Readers will recall that, for the last several months, I have noted that US oil production per the EIA’s weekly Petroleum Status Report was inconsistent with the data from the EIA’s monthly Drilling Productivity Report (DPR)
The graph below shows that state of play as of last week. The two red arrows at right show the contradictory trends, with total oil production essentially flat while shale oil production is shown rising at a healthy clip. I have noted that this contradiction would have to be resolved by either increasing the weekly numbers or reducing shale oil output.
We now have the answer.
The graph below shows the state of play as of March 14th, when the EIA issued the March DPR. It shows simply massive downward reductions in US shale oil output.
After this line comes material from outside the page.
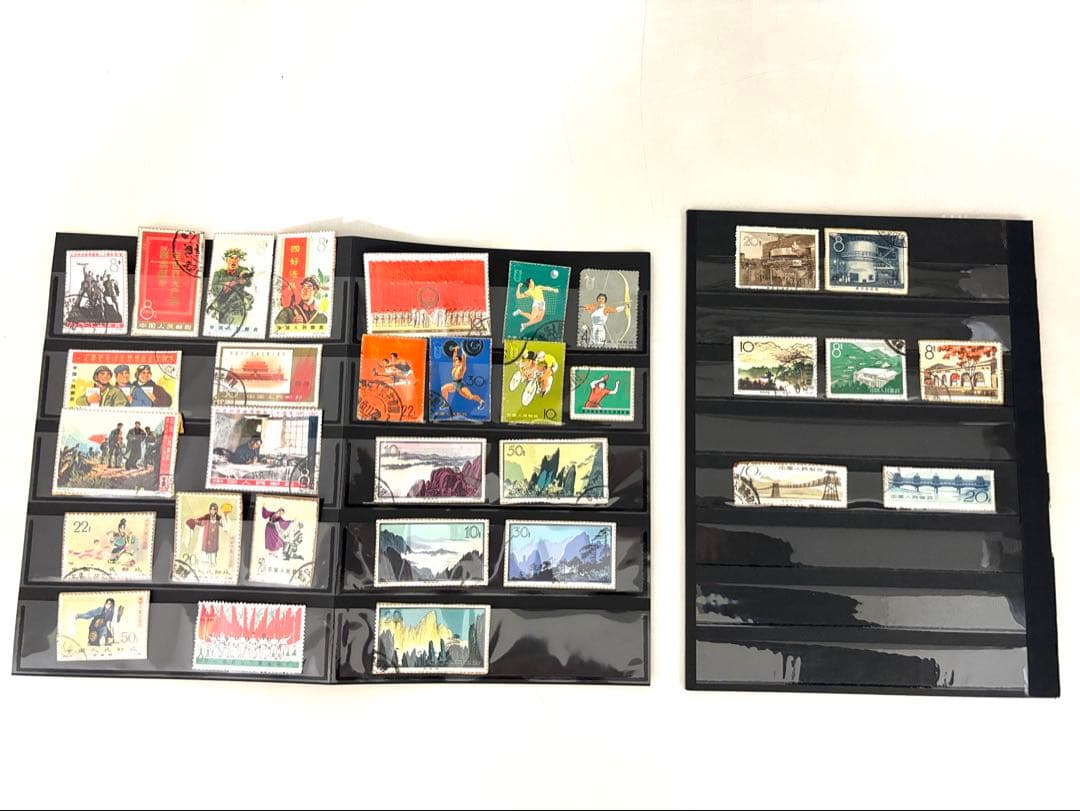 希少！中国切手使用済み／中国切手コレクション計32枚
In the March report, shale oil output from the key plays is reduced by 443,000 bpd for January and 250,000 bpd for February. If we go back one more month to the January DPR, shale oil production has been reduced by 542,000 bpd for December 2022. This is a huge revision, more than 4% of total US crude and condensate production over a two month period.
With this revision, as the current graph (below) shows, US shale oil production is largely flat over the last four months, and trends in shale oil supply are consistent with the overall US crude oil supply (including conventional onshore wells, Gulf of Mexico offshore, and Alaska). I need hardly point out that this is not good news, as the visible peak of horizontal oil rigs is now beginning to pair up with plateauing oil production, just as we would expect.